The opening night which took place at the Kigali Convention Centre’s Cinema Complex last Saturday featured three Rwandan short films which included Ishaba, Rwanda Rwacu, Mahiu, alongside The Untouchables, a 2012 multi-award winning French feature film by Olivier Nakache and Eric Toledano setting the pace for a week of film culture celebration.

READ: Film finds its way to Kwibuka

Though born in Kigali, the festival, also known as Hillywood, this year stretched to Discover Rwanda in Gisenyi, Hillywood Centre in Rwamagana alongside Kigali’s Kwetu Film Institute and Rwanda hostel, where screening has been carried out till July 29.

Rwanda and Juliet, an 88-minute English film directed by Ben Proudfoot, a Canadian is one of the special features. 

The award winning film shot three years ago in Rwanda has received immense recognition throughout international festivals follows a Shakespearean scholar mounting of Romeo and Juliet, with local students, many of whom were orphaned by the 1994 genocide, also capturing moments. 
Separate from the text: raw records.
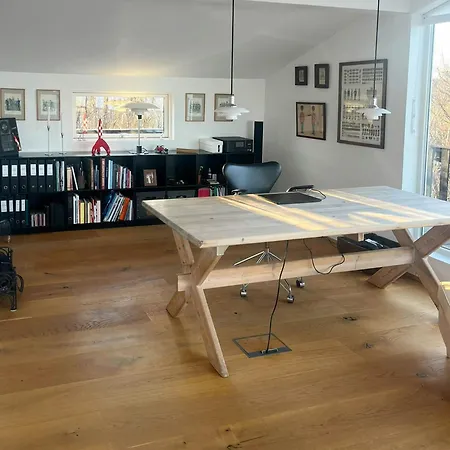 Architect-designed House With Private Dom wakacyjny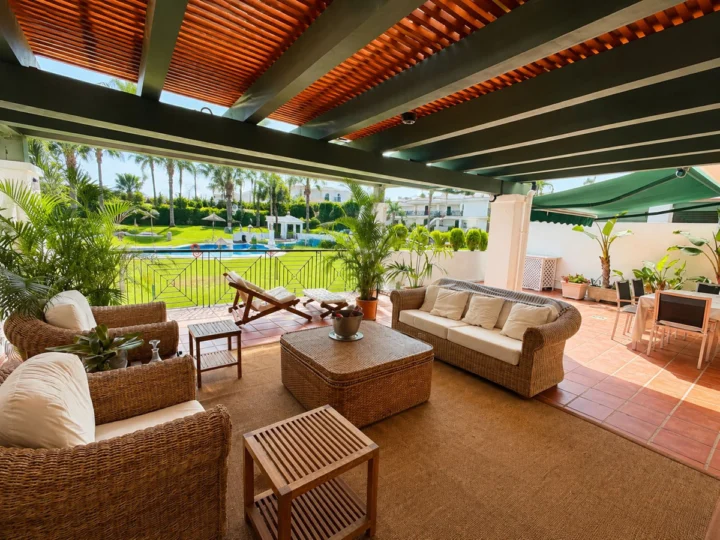 Apartament na środkowym piętrze Nueva Andalucía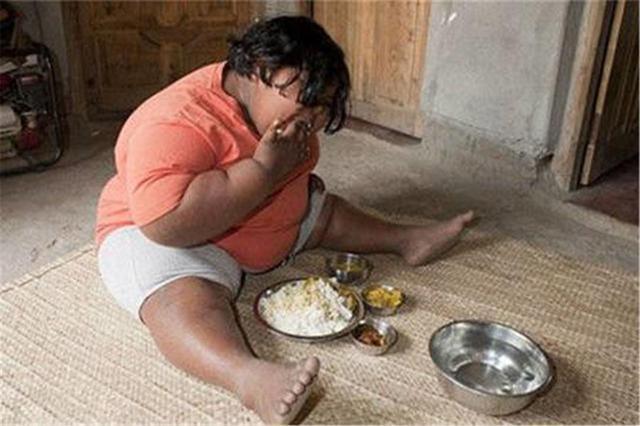 米其林|每小时就要吃一餐，那个1岁就重达45斤的女巨婴，6年过去怎么样了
Rwanda and Juliet follows eccentric Ivy League Prof Andrew Garrod to Kigali, Rwanda, where he expects to mount a production of Romeo and Juliet with a cast of students from both Hutu and Tutsi backgrounds.

Just as it is between the Montague and Capulet families in Romeo and Juliet, Prof Garrod believes the parallels between Shakespeare’s classic tragedy and the experiences of the cast, most of whom lost family members to violent deaths or imprisonment, will serve to enhance the already existing reconciliation process in the country.